Once you’ve set up your remote server, you need to make sure that your local computer has passwordless SSH access to the remote server. If you have a key pair for the server, you probably need to add it to your SSH agent with code like the following:

chmod 600 path/to/your/key.pem
ssh-add path/to/your/key.pem

If you normally need a password to access the instance, you’ll need to upload your local machine’s SSH key to the remote instance. If you don’t have an SSH key already, generate one on your local machine:

ssh-keygen

Then upload it to the remote instance by running a command in the following form, replacing the credentials and server address as appropriate:

ssh-copy-id yourusername@your-server.ac.uk

Verify that you can login passwordless by running the following:

ssh your-username@your-server.ac.uk

If this works, you’re ready to register the remote server within PsyNet/Dallinger. Run the following:

dallinger docker-ssh servers add --user your-username --host your-server.ac.uk

Setting up your Docker registry

The Docker registry will host your Docker images. There are multiple platforms you can use to host your Docker images. Here we will cover docker.io and GitLab. We will cover three ways to setup a Docker registry: - personal Docker registry on docker.io - group Docker registry on GitLab - self-hosted Docker registry on GitLab

Personal Docker registry on docker.io

  • Go to docker.io <https://www.docker.com/> and setup an account

  • Download the Docker Desktop app and sign in

  • Add the following line to your config.txt if you only want to use it for this experiment or in ~/.dallingerconfig if you want to use it as your default registry:

    docker_image_base_name = docker.io/<docker_io_username>/<name_of_your_image>
    

Group Docker registry on GitLab

Group Docker registries are a nice way to have all of your lab’s Docker images under the same umbrella.

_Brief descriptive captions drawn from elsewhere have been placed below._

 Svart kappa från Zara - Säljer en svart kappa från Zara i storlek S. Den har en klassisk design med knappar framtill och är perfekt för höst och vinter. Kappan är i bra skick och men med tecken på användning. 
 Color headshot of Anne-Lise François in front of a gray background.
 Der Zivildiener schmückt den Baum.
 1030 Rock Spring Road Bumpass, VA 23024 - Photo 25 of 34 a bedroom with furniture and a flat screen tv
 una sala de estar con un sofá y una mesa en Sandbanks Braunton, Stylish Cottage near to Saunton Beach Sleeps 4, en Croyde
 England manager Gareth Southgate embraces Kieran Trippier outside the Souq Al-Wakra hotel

There’s two ways to set up a Docker registry: - A hosted Docker registry - A self-hosted Docker registry

We’ll first go through the steps to setup a hosted Docker registry on Gitlab. First login to the GitLab docker registry:

docker login registry.gitlab.com

The next step is to setup a public repository, e.g. a repository called “experiment-images” by the user “computational-audition”. This means the particular user (“computational-audition”) can now push to this registry. In the case of the lab, we suggest setting up a lab group where all users have “Maintainer” permissions. You can now add this group to your repository https://gitlab.com/<user>/<repo>/-/project_members (e.g., https://gitlab.com/computational-audition/experiment-images/-/project_members). Now each user in the lab group can push to the repository.

The last step is to add the registry to .dallingerconfig. To do this, you need to edit your local ~/.dallingerconfig file.

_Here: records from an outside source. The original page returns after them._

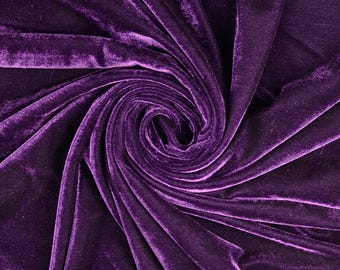 May include: A deep purple velvet fabric featuring a dense, soft pile with a distinct sheen. The material is arranged in a swirling, circular pattern that creates natural folds and shadows, highlighting the rich texture and vibrant violet color.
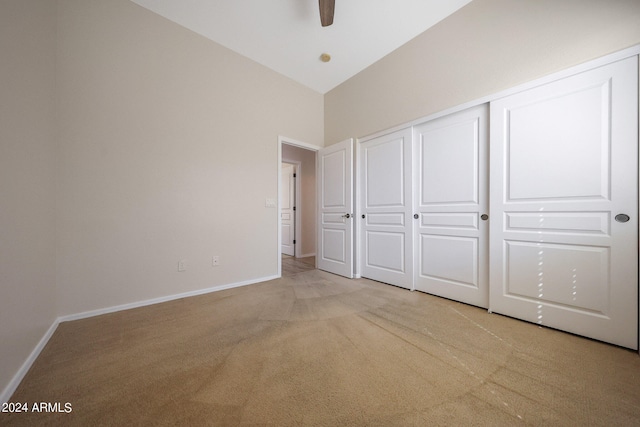 unfurnished bedroom with high vaulted ceiling, light carpet, ceiling fan, and a closet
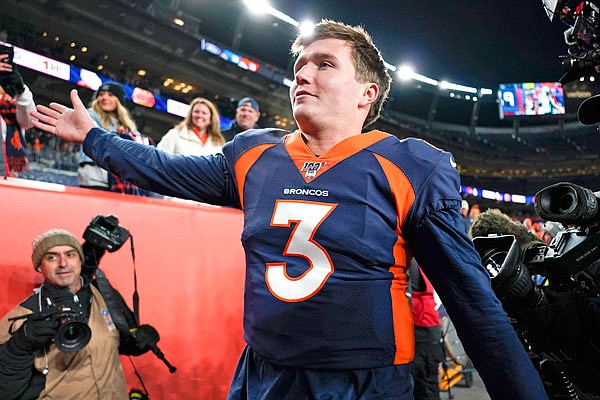 Broncos quarterback Drew Lock leaves the field after their win Sunday against the Chargers in Denver. The former Missouri quarterback won 23-20 in his NFL debut.
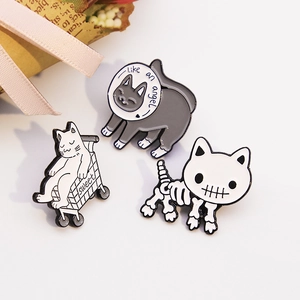 Detail of three cartoon cat enamel pins including a skeleton cat and shopping cart design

If you don’t have such a file already, you can create it like this:

touch ~/.dallingerconfig

You can then edit it on Mac like this:

open ~/.dallingerconfig

or simply with a text editor via your GUI.

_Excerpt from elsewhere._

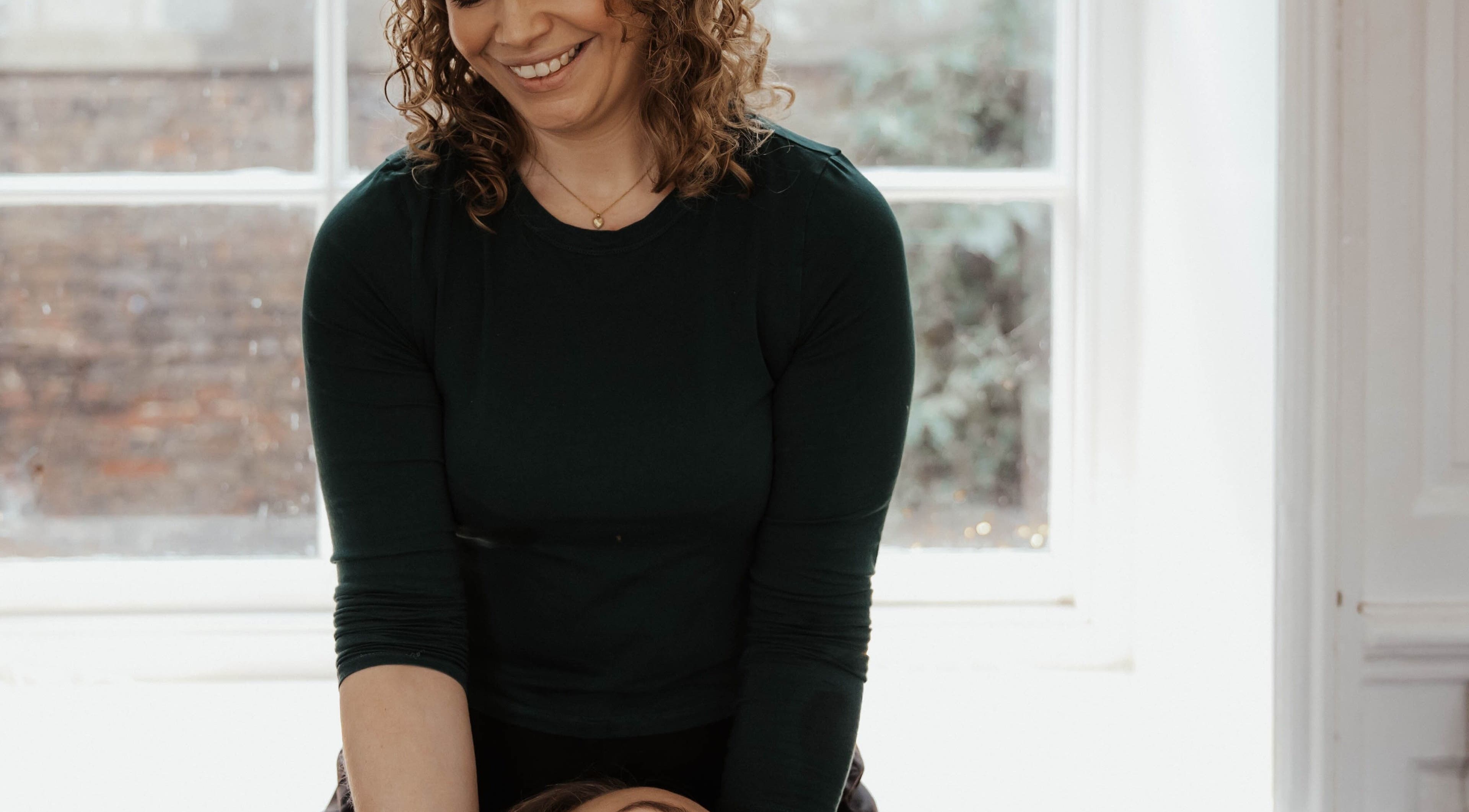 Therapist at The Elsewhere in Norwich, England, GB provides a relaxing massage session.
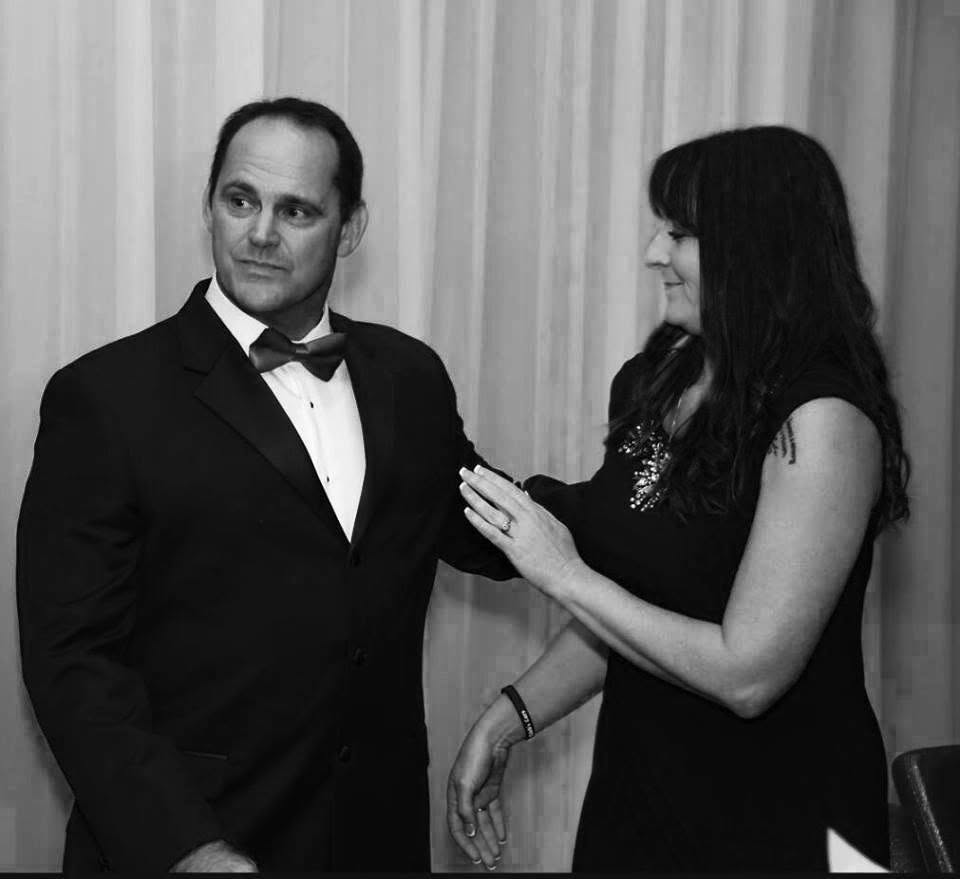 Dave and his wife at a formal event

Place a line like the following in your ~/.dallingerconfig, putting the link to your own image registry:

docker_image_base_name = registry.gitlab.developers.cam.ac.uk/mus/cms/psynet-experiment-images

You can also host the registry yourself, e.g. under registry.gitlab.developers.cam.ac.uk. The steps are similar to above, but you will need to change the URL if you are using a self-hosted registry. For example:

docker login registry.gitlab.developers.cam.ac.uk

In some situations (e.g. federated authentication) you will not be able to login to your account via the command-line in this way. Instead, you will have to create a personal access token via GitLab and then login with a command like the following:

docker login registry.gitlab.developers.cam.ac.uk -u your-username

You should then enter your access token when prompted.

Note

If you see this error:

WARNING! Your password will be stored unencrypted in /home/pmch2/.docker/config.json.

Configure a credential helper to remove this warning. See

https://docs.docker.com/engine/reference/commandline/login/#credentials-store

you can probably continue without worrying about it. We are still working out the best way to deal with Docker credential management in PsyNet/Dallinger.

Note

You might not be able to login if you originally created your gitlab account via an external service (e.g. GitHub, Gmail). In that case, make sure, that you can login to GitLab in the browser, using only your email adress. You might need to disconnect your external (e.g. GitHub) account from your GitLab account (User Settings -> Account) and reset your password to do so.

You then need to do exactly the same docker login process but on your remote server. To do this, you need to open an SSH terminal to your server, if you haven’t already:

ssh your-username@your-server.ac.uk

Then run the same docker login command that you ran previously.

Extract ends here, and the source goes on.